### Records for the exercise
****************

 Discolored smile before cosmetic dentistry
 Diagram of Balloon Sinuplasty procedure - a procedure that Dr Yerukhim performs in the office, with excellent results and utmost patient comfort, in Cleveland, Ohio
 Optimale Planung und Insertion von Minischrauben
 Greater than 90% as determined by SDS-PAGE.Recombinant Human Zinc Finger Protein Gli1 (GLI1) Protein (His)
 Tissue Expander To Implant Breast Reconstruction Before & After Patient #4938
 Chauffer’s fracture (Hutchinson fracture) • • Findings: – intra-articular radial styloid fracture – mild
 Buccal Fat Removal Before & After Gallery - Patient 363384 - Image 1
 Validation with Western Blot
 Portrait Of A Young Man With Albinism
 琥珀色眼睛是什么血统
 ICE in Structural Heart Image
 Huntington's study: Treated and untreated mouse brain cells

****************

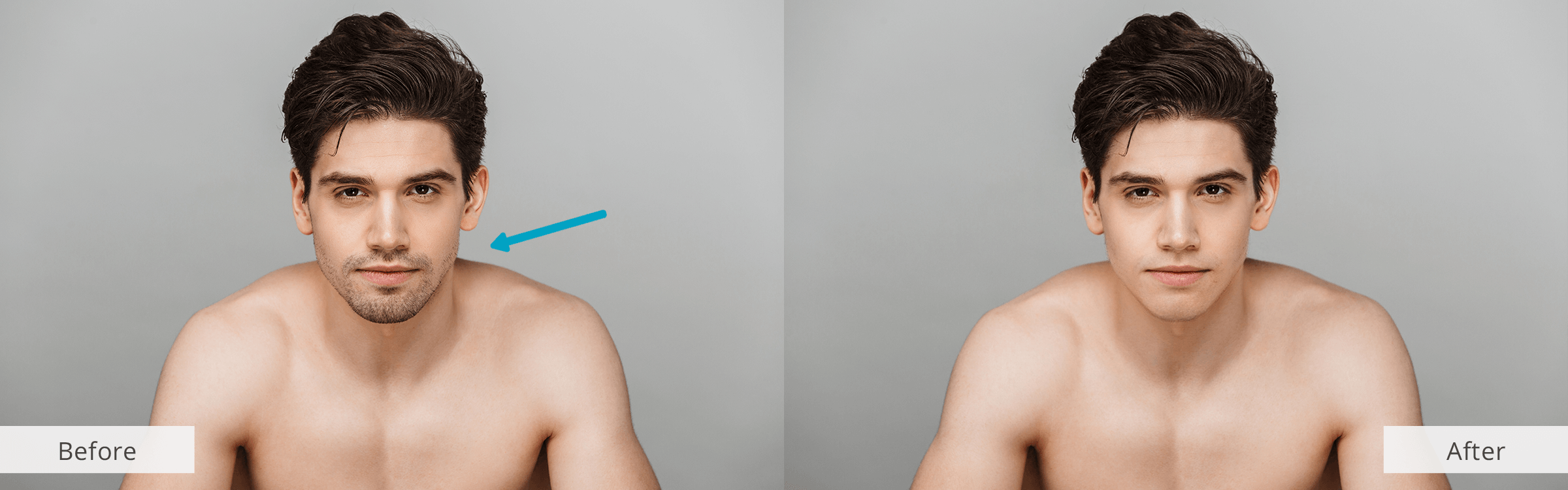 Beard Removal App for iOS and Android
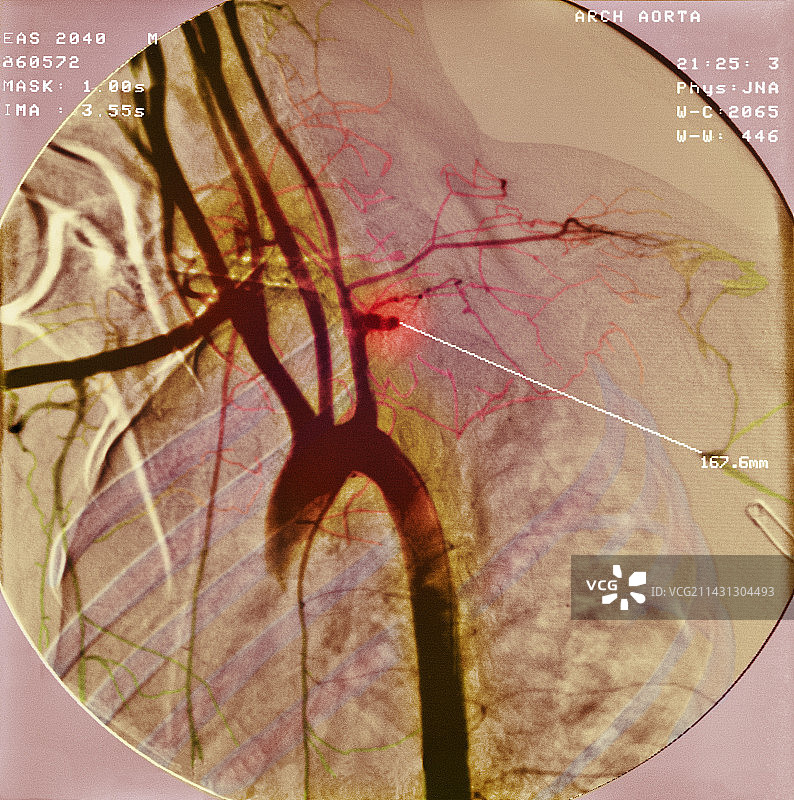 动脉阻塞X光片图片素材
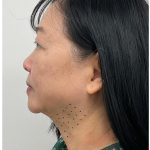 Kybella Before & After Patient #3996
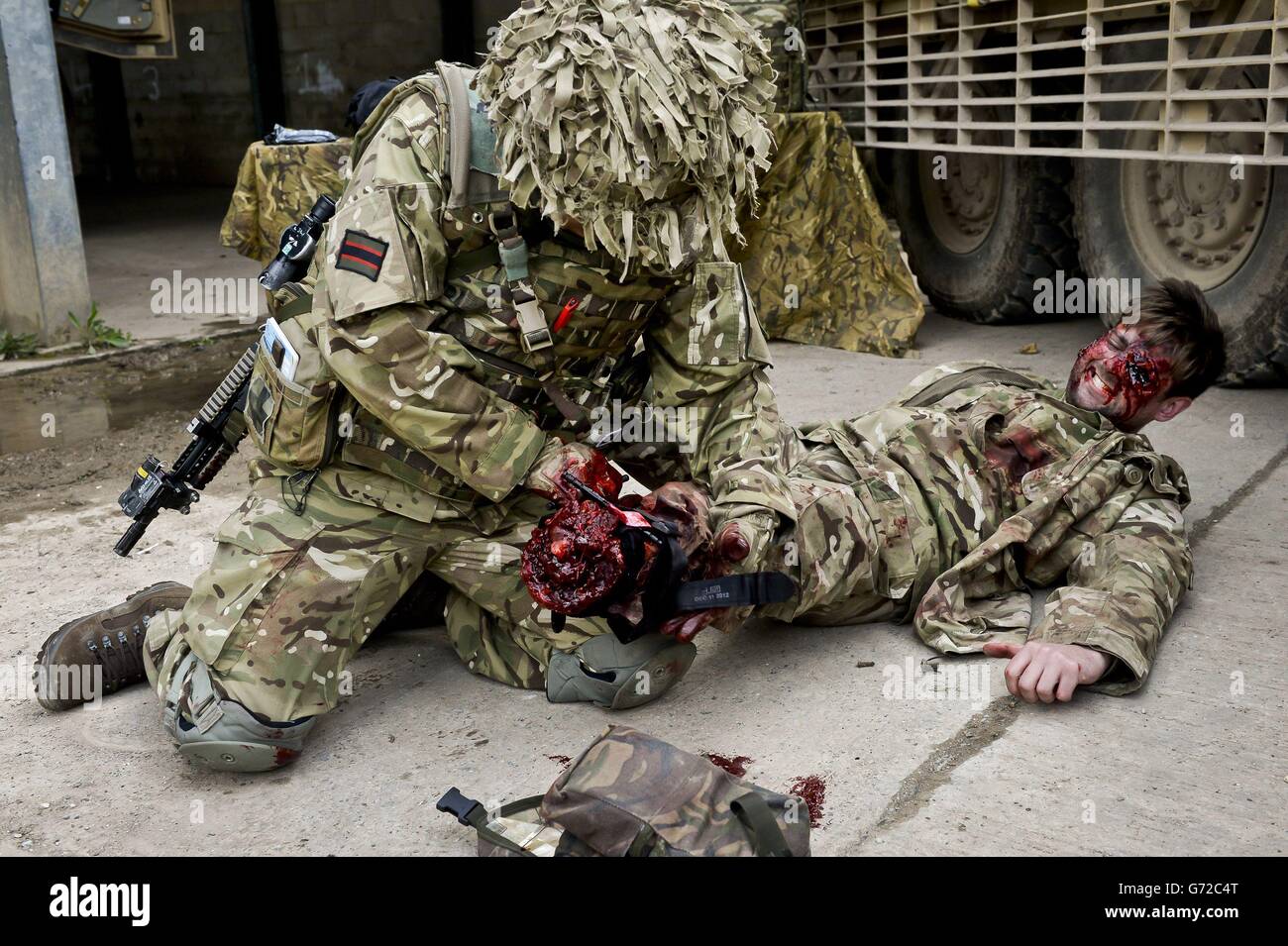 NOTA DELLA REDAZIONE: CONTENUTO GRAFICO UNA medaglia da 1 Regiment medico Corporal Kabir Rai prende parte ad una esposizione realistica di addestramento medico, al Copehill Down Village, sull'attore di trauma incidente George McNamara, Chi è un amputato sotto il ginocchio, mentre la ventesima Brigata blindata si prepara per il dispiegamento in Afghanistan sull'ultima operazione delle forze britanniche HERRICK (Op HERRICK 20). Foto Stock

****************

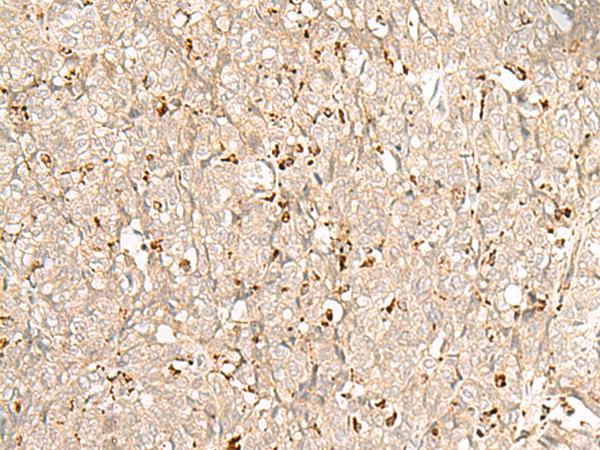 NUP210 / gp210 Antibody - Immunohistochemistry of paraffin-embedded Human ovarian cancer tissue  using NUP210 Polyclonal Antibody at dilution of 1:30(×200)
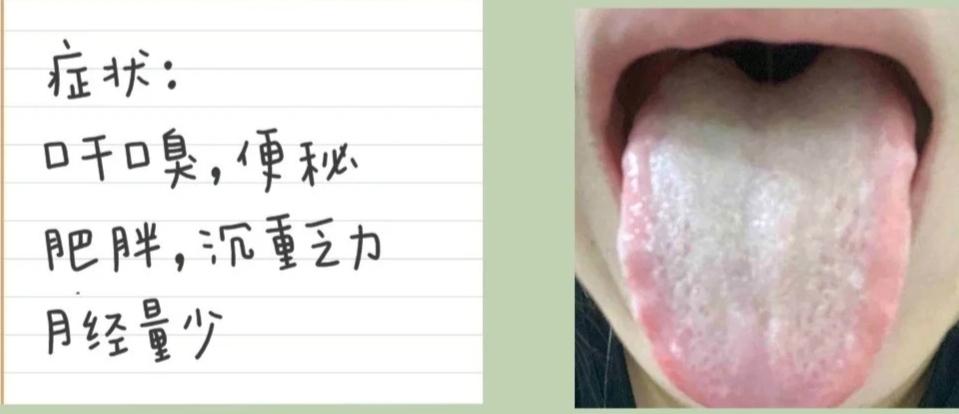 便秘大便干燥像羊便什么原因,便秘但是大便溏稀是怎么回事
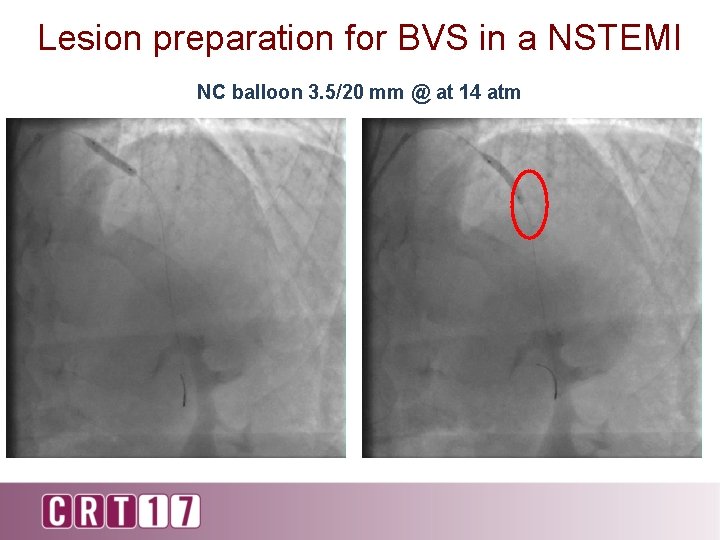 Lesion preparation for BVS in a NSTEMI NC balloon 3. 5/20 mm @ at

****************

### What the exercise asks
What is needed is an exact copy of the lines above, from the one containing "Portrait Of A Young Man With Albinism" through the one containing "Huntington's study: Treated", with nothing added.

### Answer section
 Portrait Of A Young Man With Albinism
 琥珀色眼睛是什么血统
 ICE in Structural Heart Image
 Huntington's study: Treated and untreated mouse brain cells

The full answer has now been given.